Stop Talking About What You’ve Done
Many accomplished women executives focus heavily on their responsibilities, accomplishments, and past experience.
While those achievements matter, they are no longer enough. At the executive level, employers are looking for leaders who can clearly articulate the value they will create in the future.
The key question is: What mission are stakeholders paying you to accomplish?
When organizations hire senior leaders, they are investing in transformation, growth, innovation, scale, profitability, culture, or some other strategic outcome. The executives who stand out are those who can explain exactly what they will make happen.
Networking Is No Longer Optional
Another recurring theme from the discussion was the importance of building and maintaining relationships long before a job search begins.
Executive recruiters, former colleagues, board members, industry peers, and professional contacts all play a role in uncovering opportunities.
Haller encouraged executives to view networking as “career insurance.”
Many women naturally excel at relationship building. Rather than treating networking as a transactional activity, she recommends leveraging that strength to create authentic, long-term professional connections that can provide opportunities throughout a career.
Confidence Matters
The emotional side of executive job searching cannot be ignored.
Repeated rejection, long searches, and market uncertainty can trigger self-doubt and imposter syndrome—even among highly accomplished leaders.
Haller emphasized that a lack of traction rarely means someone is unqualified. Instead, it often signals that the executive’s positioning, messaging, targeting strategy, or networking approach needs adjustment.
“The fact that you’re not getting traction has nothing to do with your qualifications,” she explained. “It’s your sales and marketing plan.”
Always Be Opportunity Ready
Perhaps the most important lesson from the session was the need to remain market-ready, even when you’re not actively looking.
Layoffs, reorganizations, acquisitions, leadership changes, and economic uncertainty have made career security less predictable than ever.
All executives should continuously maintain:
- A strong professional network
- A modern executive resume and LinkedIn profile
- A clearly defined value proposition
- Relationships with executive recruiters
- A targeted career strategy
Waiting until a crisis occurs often creates unnecessary stress and limits options.
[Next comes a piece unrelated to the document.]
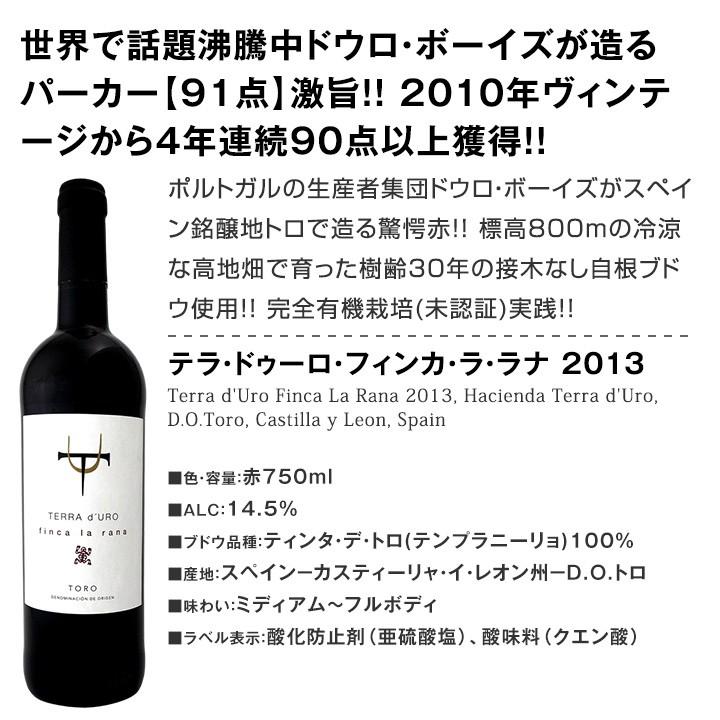 赤ワイン セット Wine Set すべてパーカー90点以上9本セット Set Parker 京橋ワイン 赤 白 セット Wine 通販 Paypayモール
Key Takeaways for Women Executives
- Don’t lower your aspirations simply because a search is taking longer than expected.
- Executive searches require a strategy, not just applications.
- Focus on the value you create, not just the work you’ve done.
- Build and nurture relationships before you need them.
- Develop a clear executive brand and value proposition.
- Treat networking as career insurance.
- Stay market-ready, even when you’re happily employed.
- Remember that a lack of results usually reflects a search strategy problem—not a capability problem.
The path to the C-suite remains challenging, but Haller’s message was ultimately one of encouragement: women belong in senior leadership roles, and with the right strategy, preparation, and positioning, they can continue moving forward rather than stepping back.